Warning: The following is an experiment more than anything, and a slightly masochistic one to probe the limits of what possible. More often than not Fluent interfaces fall into to the category of clever code that should be avoided in favour of stupid, simple code. This especially true of assert libraries I'll be using as an example here, where they add more complication and deliver no value.
The Good
My goal was to create something that resembled AssertJ I was actually quite happy with the result of the whole endeavour, ending up with a more or less identical result, at least on the surface:
void main(int argc, char** argv) {
assertThat("foo").startsWith("f").equals("foo");
assertThat(57).greaterThan(4).lessThan(100).equals(55);
}The bad
The implementation is mostly straightforward. First there's the public interface, basically just a collection of function pointers and the typed value:
struct _stringContext {
struct _stringContext (*equals)(const char*);
struct _stringContext (*startsWith)(const char*);
const char* value;
} stringContext;
typedef struct _stringContext StringContext;Next there's the state handling which is the biggest source of issues. Without a compiler managing an implicit this pointer it has to be handled manually, rather than changing the API to pass along the state explicitly it is stored in the static stringContext variable, creating several potential issues.
The actual assert functions are incredibly simple, they assume the context object is created (they can't be called before it is) and return it (or another context). Returning the context is what allows the methods to be chained.
StringContext string_equals(const char* expected) {
assert(!strcmp(stringContext.value, expected));
return stringContext;
}The context themselves are created in the *_assertThat methods:
StringContext string_assertThat(const char* value) {
StringContext context = {
.value = value,
.equals = string_equals,
.startsWith = string_startsWith
};
stringContext = context;
return stringContext;
}And finally there's the last source of problems but what ties everything together, the assertThat _Generic macro:
#define assertThat(x) _Generic((x), \
int: int_assertThat((intmax_t)x), \
char*: string_assertThat((char*)x) \
) This is probably the most interesting snippet of the exercise, many people don't know that C has generics and the implementation is very different to most languages. They're simultaneously more and less powerful while being both harder and easier to use. But basically if the assertThat macro is passed an int it will expand to int_assertThat and if it's passed a char* it will expand to string_assertThat.
There are some other caveats too, the casting is important because, due to some weirdness beyond my pay grade, every possible expansion has to be evaluated. This is especially problematic when you're mixing pointers with int types. This is is mostly just to control superfluous warnings though, the compiler seems to always do the right thing.
The Ugly
The state management is the worst part as it opens up several possible error scenarios. In exploring these scenarios it became apparent that some of them were even issues in high level languages. The most obvious one is multi threading, this is probably the easiest though, slap thread local on there and hopefully be done with it.
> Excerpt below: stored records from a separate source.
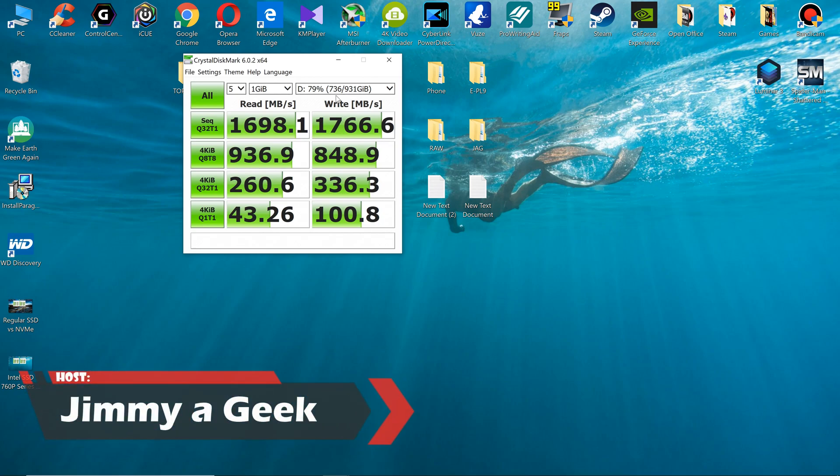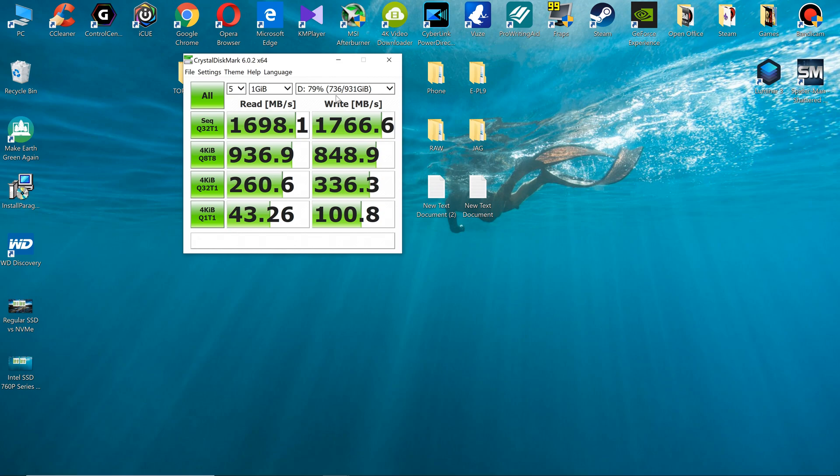So this is the speed test of the SSD6. Yes, you heard me right, SSD6. As you can see, the read and write is amazing for the price.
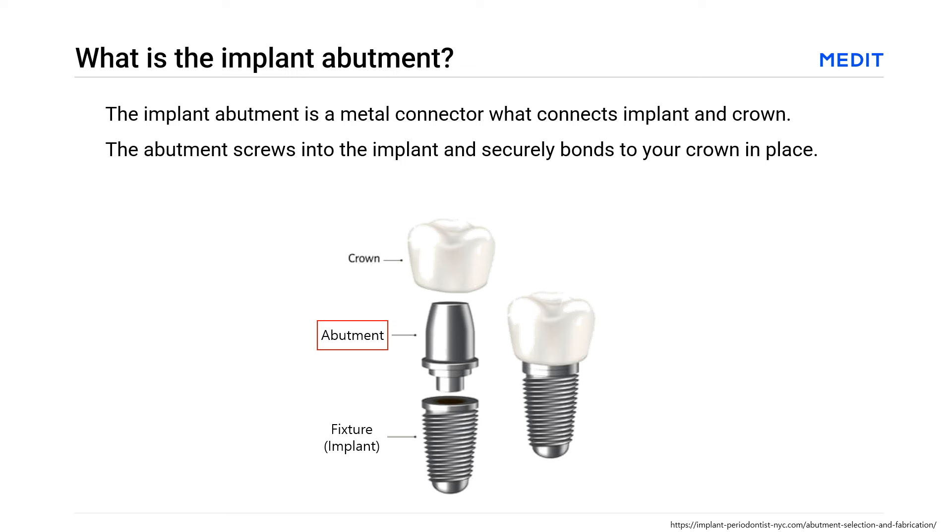Normally you would use the scan body to deliver the exact location and angulation of the implant. But if the margin is well exposed, you can simply scan the abutment and send the file to your lab.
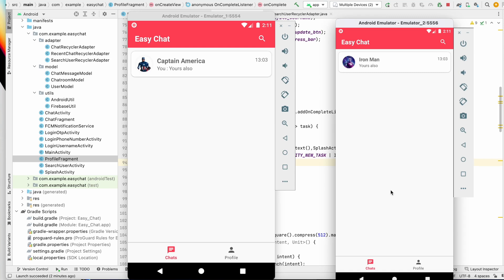Welcome back to another video of the chat application development series in Android Studio. In the last video we successfully received notifications and implemented on-click navigation to the chat screen. We also sent a test notification from the Firebase console.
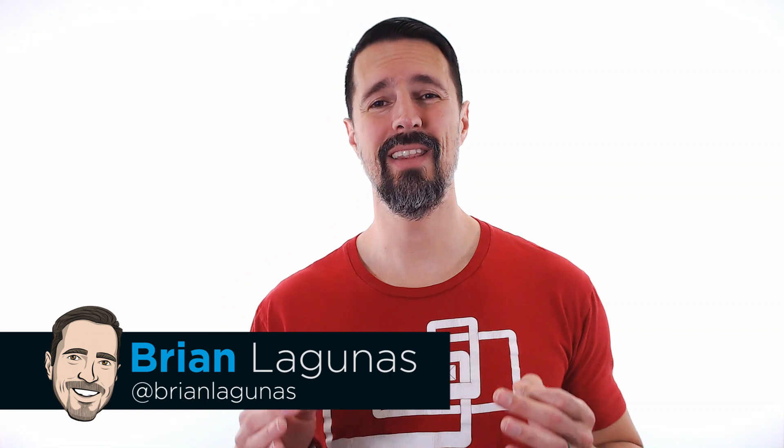Hey everyone, Brian Lagunas here. I just wanted to take a quick moment to record this video to talk about an issue a lot of you are having, trying to do .NET Core 3 development inside Visual Studio 2019.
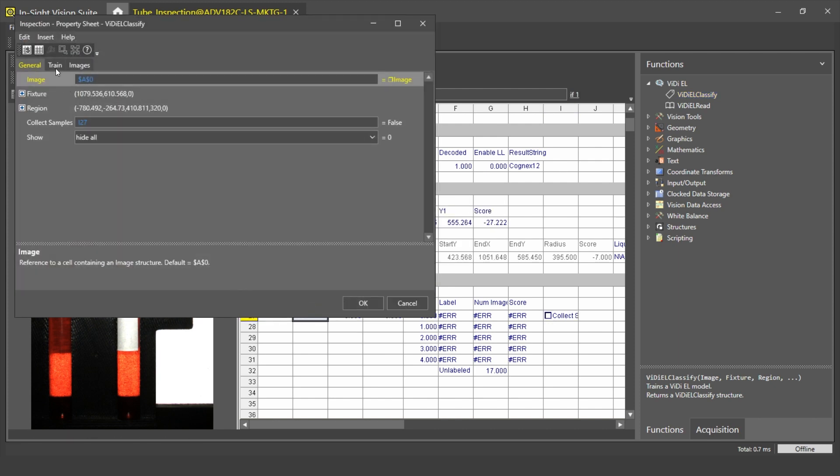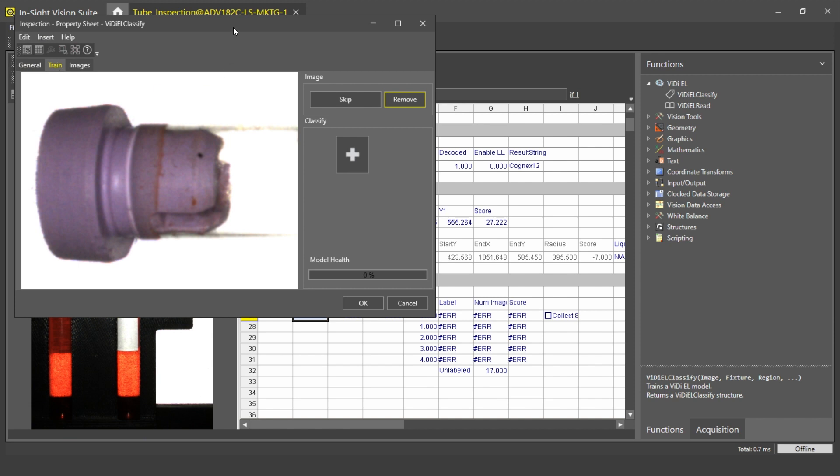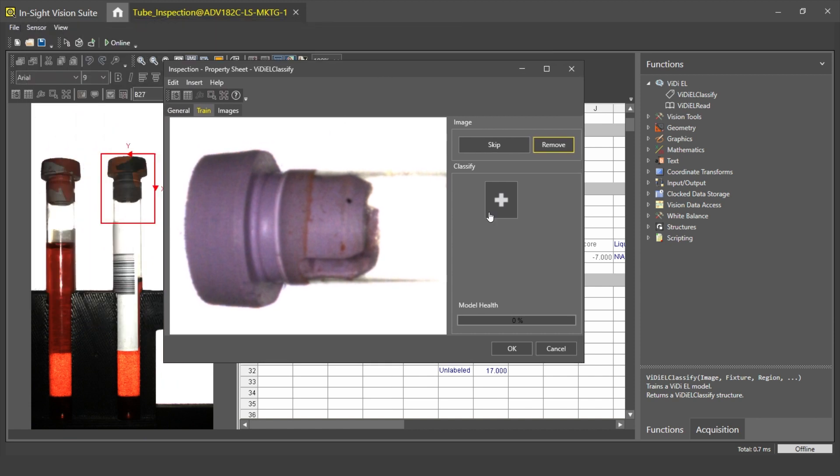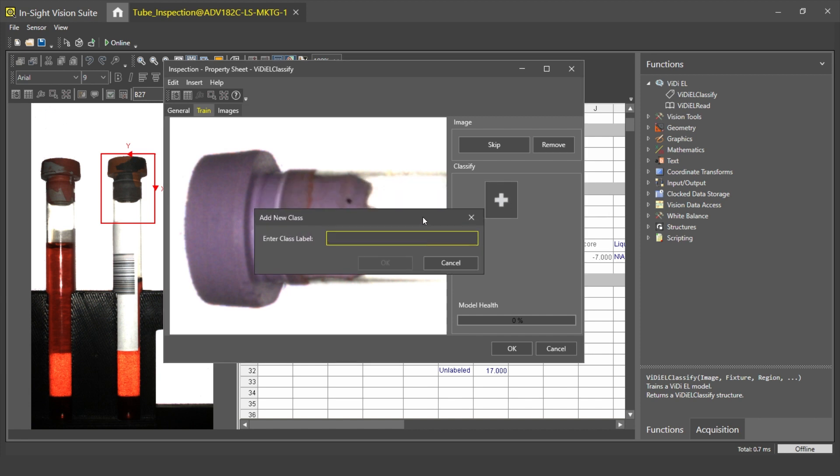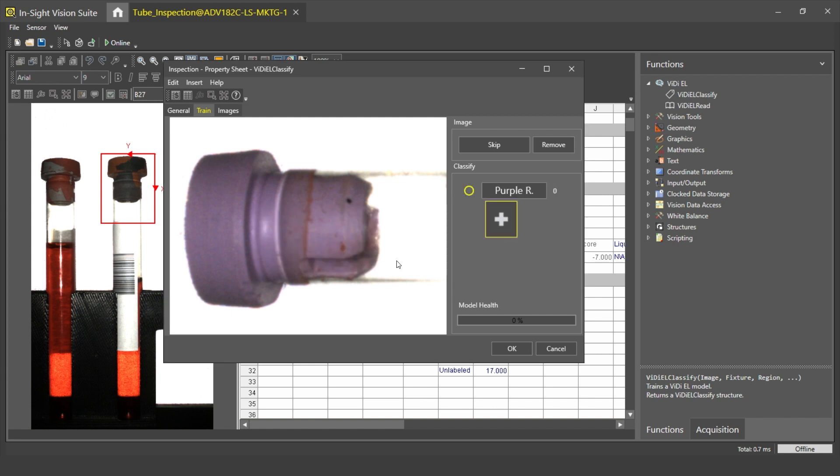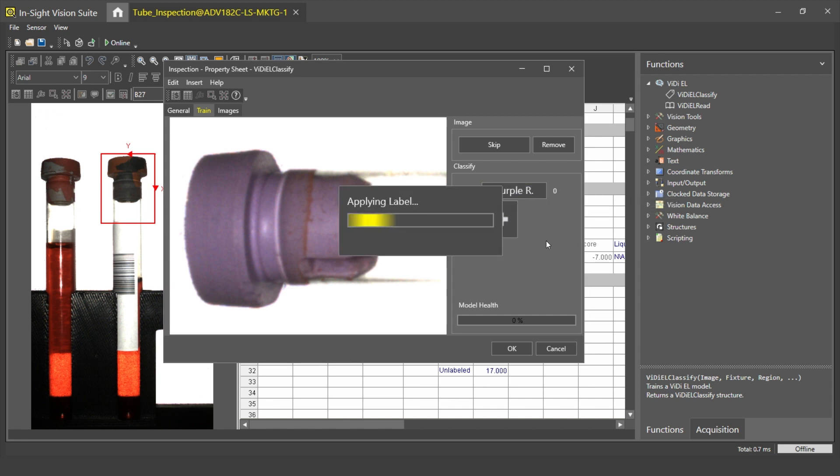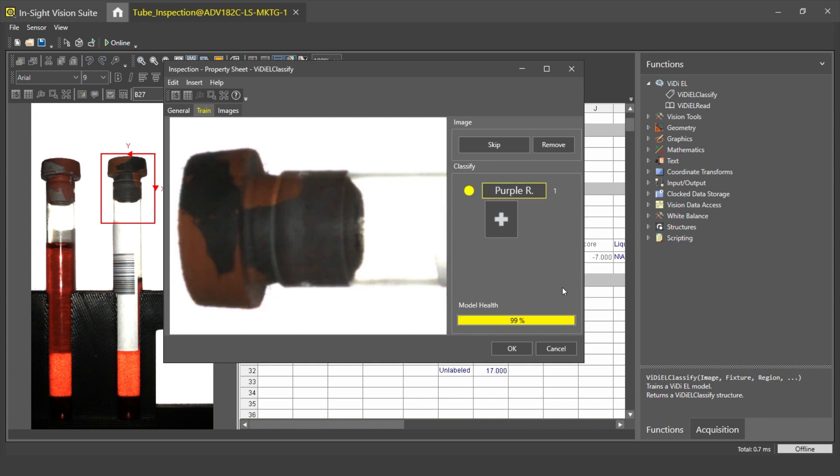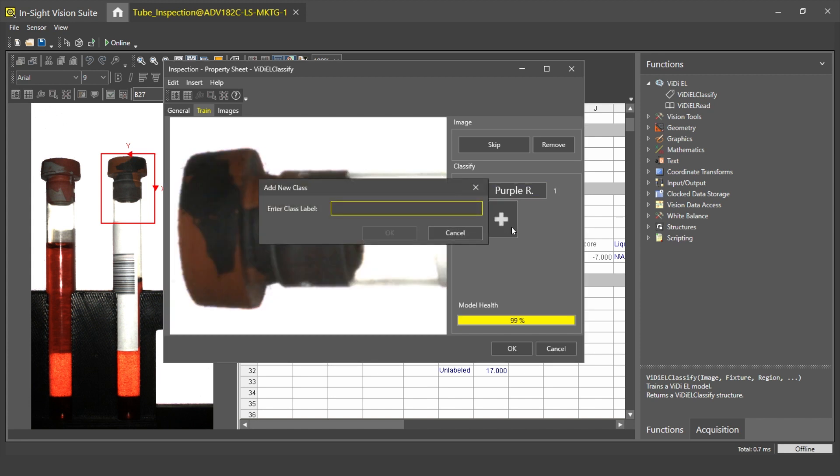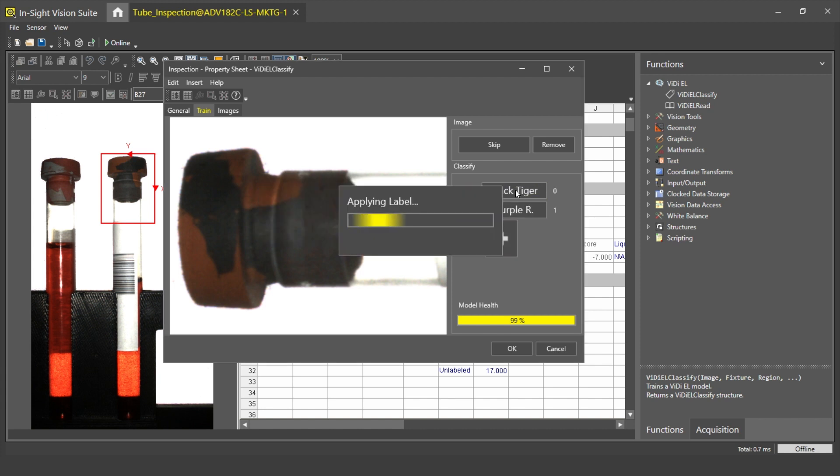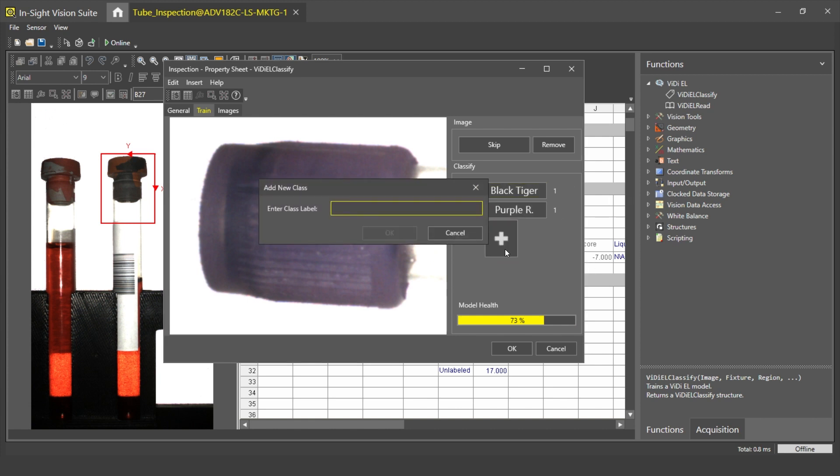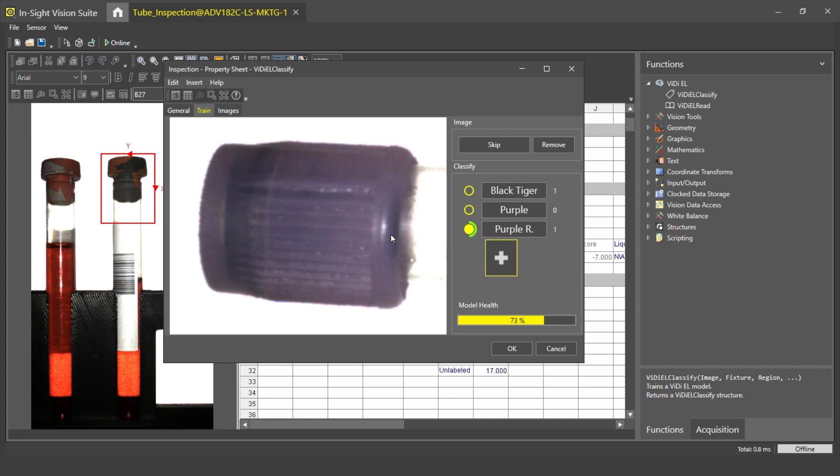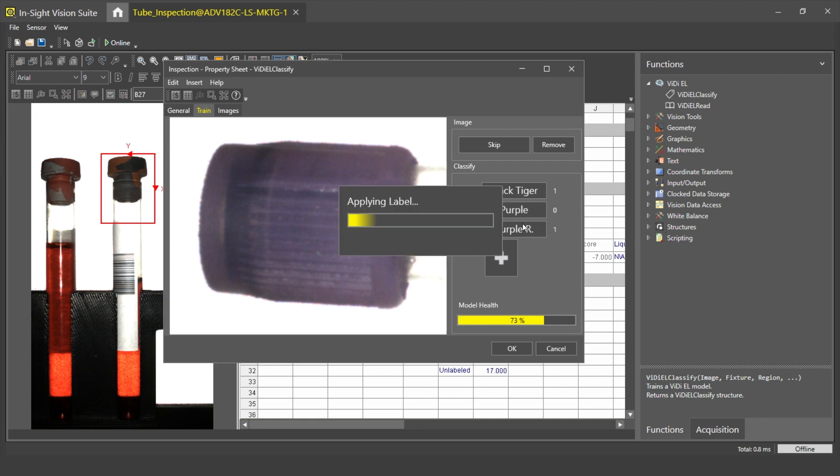To start training, I click on the Train tab. First of all, I have to label the images. The first class I will create is the Purple Rubber. To label the image, I click on the button. The next class is the Black Tiger class. Next, I have to create another Purple class because it's different to the one I already have. I label the image by clicking on the button here.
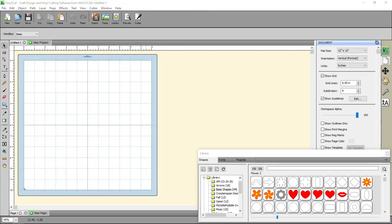Hi there guys, in today's video I'm going to show you how to set up your vinyl cutting machine in a program called VinylCut.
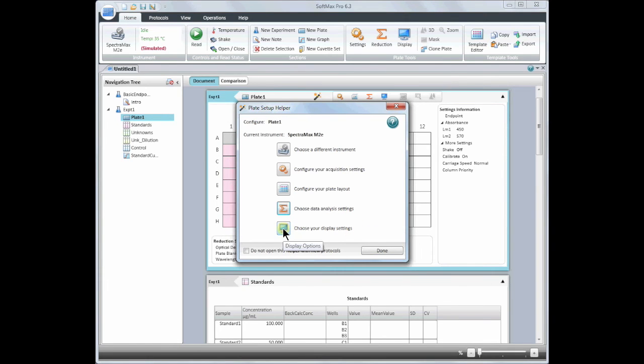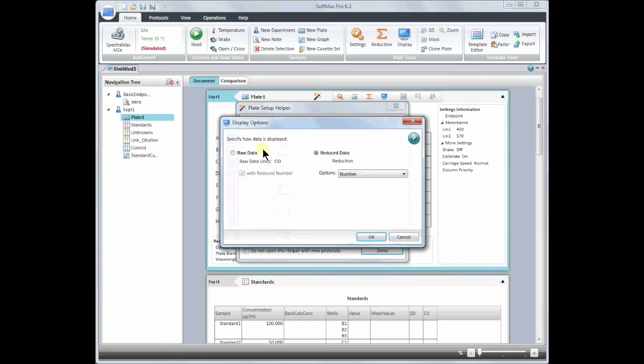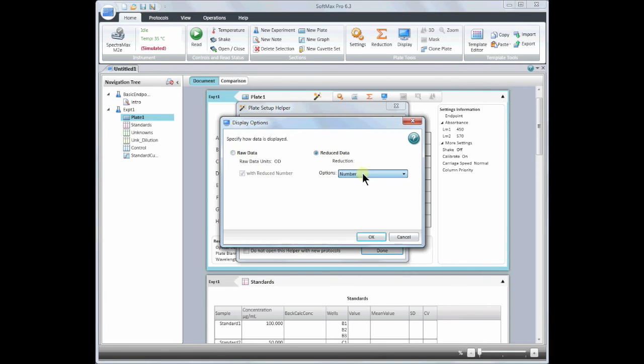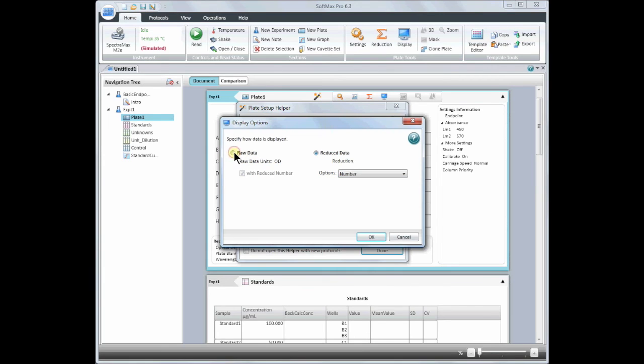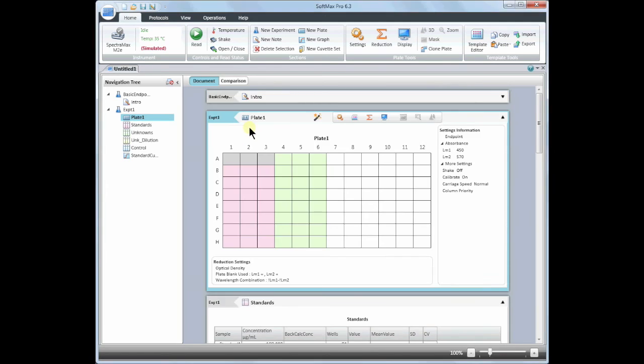Finally, we will choose the display settings. You may view your data as raw data, with or without the reduced value, or reduced data alone as a number or color. This too can be changed after you read the plate. Your raw data will always be saved with your SoftMax Pro file. To read your plate, simply click on the green Read button.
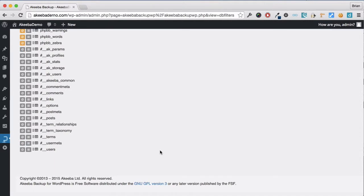As you can see, all of the PHP BB tables have now been flagged to be excluded from the backup.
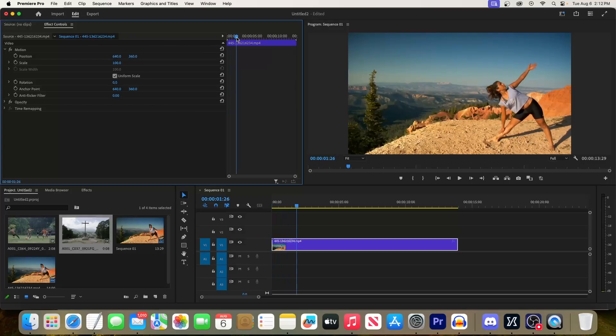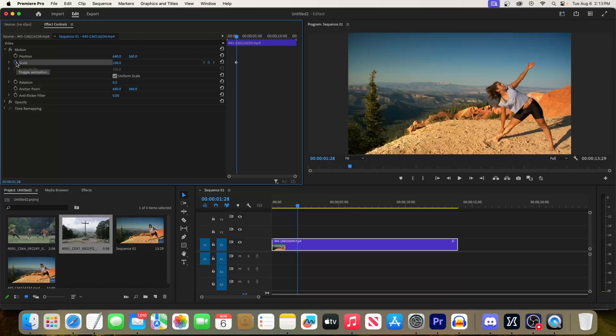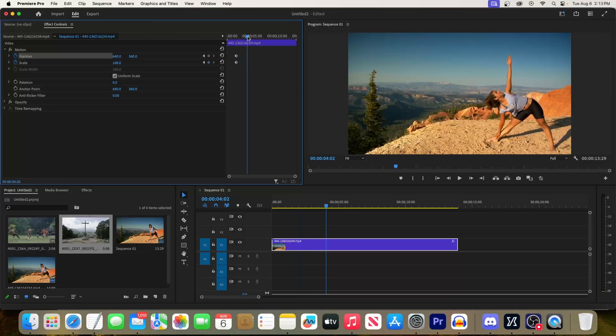Now click the stopwatch button next to Scale to create a starting keyframe for the zoom, and then click the stopwatch button next to Position to create a starting keyframe for that as well. Next, let's move the playhead to where we want the zoom in to be completed by.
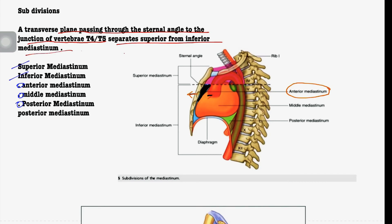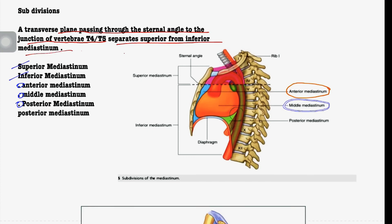The middle mediastinum is the part that contains the heart — the whole heart-enclosed part with the pericardium. This entire pericardium-enclosed region is the middle mediastinum. The posterior mediastinum is the part that lies between the pericardium and the vertebral column — the space posterior to the pericardium up to the vertebral column.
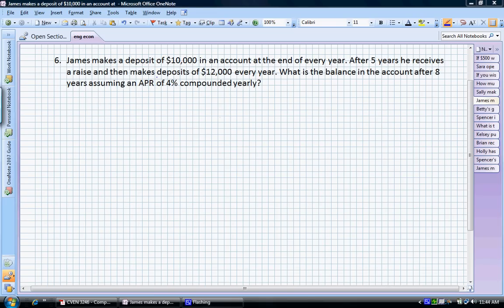Let's tackle a medium difficulty problem. I'm going to show you two ways of solving this problem: one that's a little bit longer and makes a lot of sense if you're just starting out, and also an abbreviated version that shows you how to do this problem really quickly if you're crunched for time.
Others fall more into the realm of API misuse, consider the following code:
int otherFunc() {
assertThat(42);
return 57;
}
void main(int argc, char** argv) {
assertThat(57).equals(otherFunc());
}From quickly looking at the code it seems like this should pass, but the assert in otherFunc has changed the state so equals is now checking if 57 == 42. With some fluent API's you could put these contexts on a stack and this scenario would work, but in this case there is no finalization step, so there is no logical place to pop the stack. The next case is similar but applies to other languages too:
int otherFunc() {
assertThat(42);
return 57;
}
void main(int argc, char** argv) {
IntContext contextA = assertThat(57);
IntContext contextB = assertThat(42);
contextA.equals(57);
}With a fluent API there is nothing stopping the calling code from holding on to the context. In this case they'll get the wrong result, but imagine if this code had side effects, like a registerConfigInContainer() method. Fluent interfaces can't prevent this kind of error, they aren't as safe as they often feel.
As is usually the case when you try to implement something in C and strip away all the classes, the interfaces and other abstractions found in higher level languages you can see what's going on underneath a lot more clearly. In this case it's remarkably simple, a fluent interface can be boiled down to little more than a series of structures containing function pointers. This is still somewhat enlightening though, if I ever found myself implementing one in a high level language again my solution will be much simpler structure of function pointers and no the mess of interfaces of created in the past.